Since 2002 the annual G.I. Joe convention has offered collectors a multitude of exclusive figures. Most of them are molds that are not otherwise seen: but at a higher price. As such, the convention exclusives are still a source of much debate among the collecting community. However, for the most part, the figures that have been offered have been a nice change from the bland retail ARAH releases that we have seen. While some of the character selection has been suspect, the Convention figures have also brought back a wide variety of obscure molds that had never previously been repainted. Zanzibar is just such a figure.
Zanzibar has had a tough life in my collection. When I first got the original figure, he quickly became one of the most used characters in my collection. His unique look, solid colors and cool accessories made him an essential element of my enemy minions. Unfortunately, by the time Zanzibar came out in 1987, I was near the end of my Joe collecting childhood. So, one fall day, some friends of mine and I decided to torture a few Dreadnoks. My parents had a two-story garage. The top part was wood with a window. The bottom was solid cinder block. So, we got a long string and hung Monkey Wrench and Zanzibar out of the second story window and then threw ripe walnuts at them. Somehow, Zanzibar escaped relatively unscathed. Monkey Wrench was pretty much destroyed, though. However, to prove that escaping that fate wasn't enough to spare his life, that original Zanzibar also fell prey to my family's new puppy in the early '90's. While I still have the figure, he has a many broken parts and a hand that was gnawed off. Usually, though, having a mauled childhood figure isn't too big a problem for me. In the years I've been collecting, I've managed to replace just about every figure I've ever wanted. However, for some reason, Zanzibar has been hard for me to acquire. I have never picked up another version of the original figure. He and the 1987 Mercer remain the 2 childhood figures that have simply eluded me in my adult Joe acquisitions. I'm not really sure why, but it has allowed me to remember Zanzibar for what he was in my childhood rather than what I did with the character as I got older.
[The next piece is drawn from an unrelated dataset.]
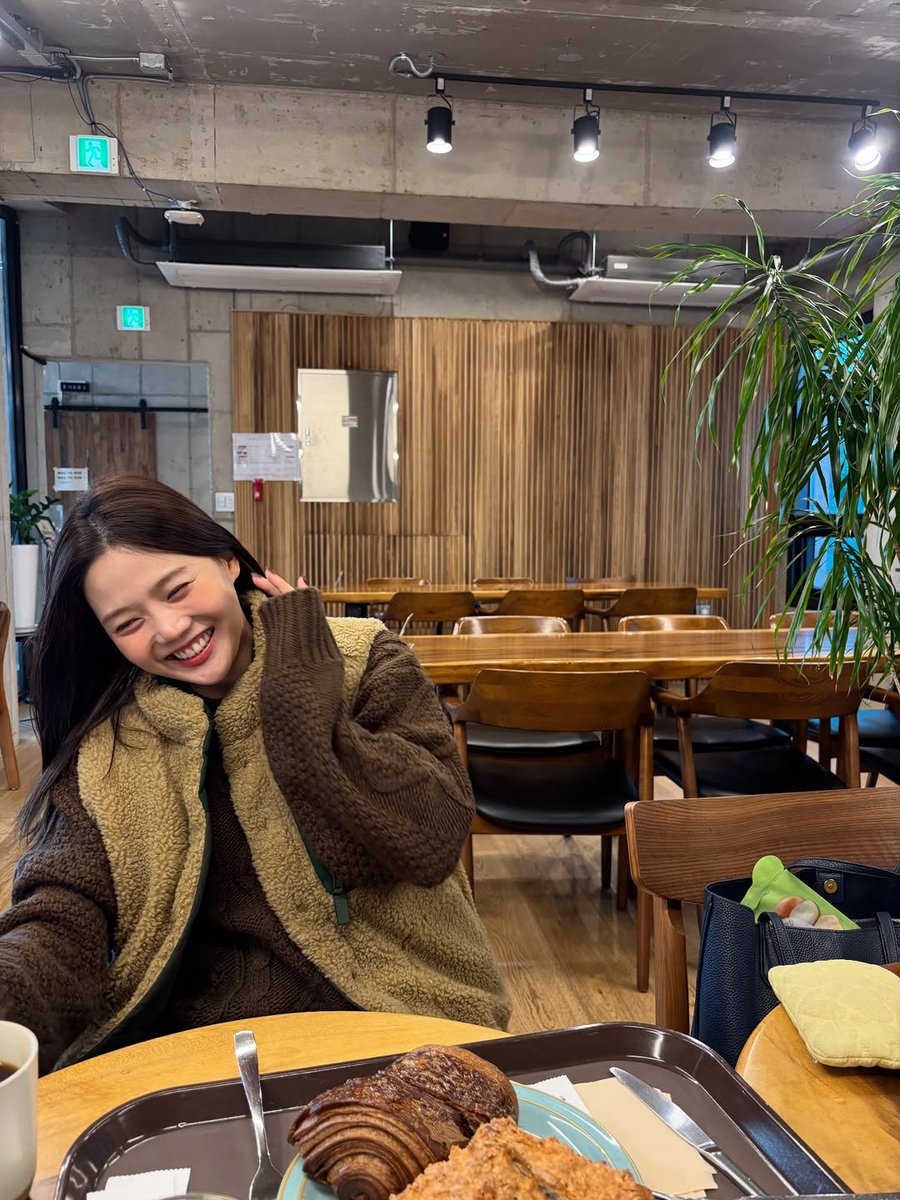 SRamirez89366's tweet photo. 가을에서 겨울 🌰☃️🔥 https://t.co/HU71uLMzX3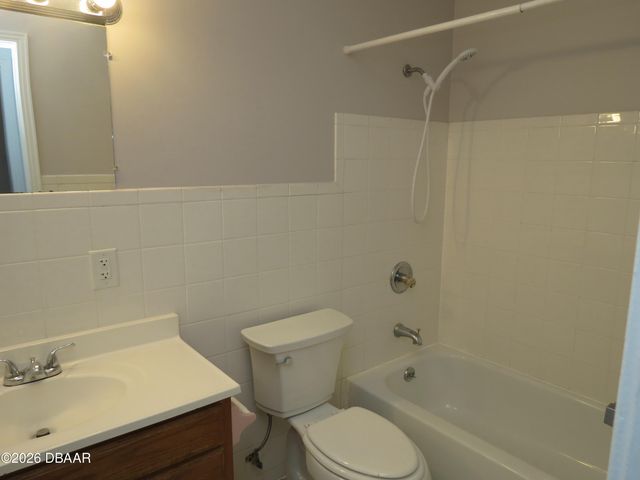 122 Magnolia Drive, Ormond Beach, FL 32176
This convention figure, though, really doesn't offer much that hasn't been done before. Sadly, the Dreadnoks are not molds that really lend themselves to repaints. Their tattered look is hard to disguise with color and most of the repaints fall flat due to that reason. It's not that the figures are bad, it's just that they don't really supplement the original versions. Instead, they offer a replacement. When I'm buying a repainted figure, I want it to be something that the original figure is not. In the case of Zanzibar, the only thing he offers beyond the original is the fact that I have a nice copy of this version. However, this Zanzibar is still a nice figure. He features an intricate paint mask with a full 8 different colors. He has sharp details painted all over the mold including a brown eyepatch string that surrounds his head. This is a detail that was even left unpainted on the original figure in 1987. It is in this detail that the convention exclusive figures succeed. Most of them feature these complex paint applications that simply make their contemporary retail release ARAH figures pale in comparison. Of course, this is problematic as collectors see the nice paint masks on convention figures and then see the skimpy coatings on retail figures. It does create a dichotomy among the series and perhaps shrouds a bit of resentment among those who are not able to acquire the convention sets as they feel they are financially distanced from quality figures.
In my collection, this Zanzibar is just Zanzibar. He no longer is the major player he once was, but is a useful character from time to time. I mostly use Zanzibar as a scavenger who sells scrap and other materials to Cobra. They melt them down and re-use them for projects on Cobra Island. Zanzibar still retains some affiliation to Zartan. But, since Zartan has moved more into the higher echelons of Cobra politics in my Joeverse, Zanzibar has little contact left with Zartan. While I still retain Buzzer as someone who participates in Cobra operations, I don't use Zanzibar in the same way. He is simply someone who might be found on Cobra Island at any given time. If he hears of some mission or objective that interests him while he is there, he might go along: if the price is right. Since this no longer really fits the aims of my Cobra, Zanzibar is mostly left as one of the fringe characters who might show up every now and then but is mostly a farce among the real combat troops who now comprise most of Cobra.
As far as availability goes, this figure is both somewhat rare and also somewhat common (as convention figures go!). At the 2003 Convention, Master Collector publicly brandished the production numbers for their Firefly packs. This year, though, there was no such hullabaloo. In fact, despite convention goers purchasing multiple packs for friends back home, Master Collector had some of these sets left over. (My guess is that the $40 price tag for repaints of easy to find and not highly sought after figures may have played into that.) As such, many collectors had their chance to add these figures to their collection without having to spend outrageous sums on the secondary market. In the long term, though, this Zanzibar (and the other Convention figures) will become harder to find. As their entire production run is concentrated in the existing collector base, though, I don't foresee a large price increase as the demand has already been met. That isn't to say that this guy will be able to be had for under $7, but it does mean that I don't see him ever running upwards of $25 or so.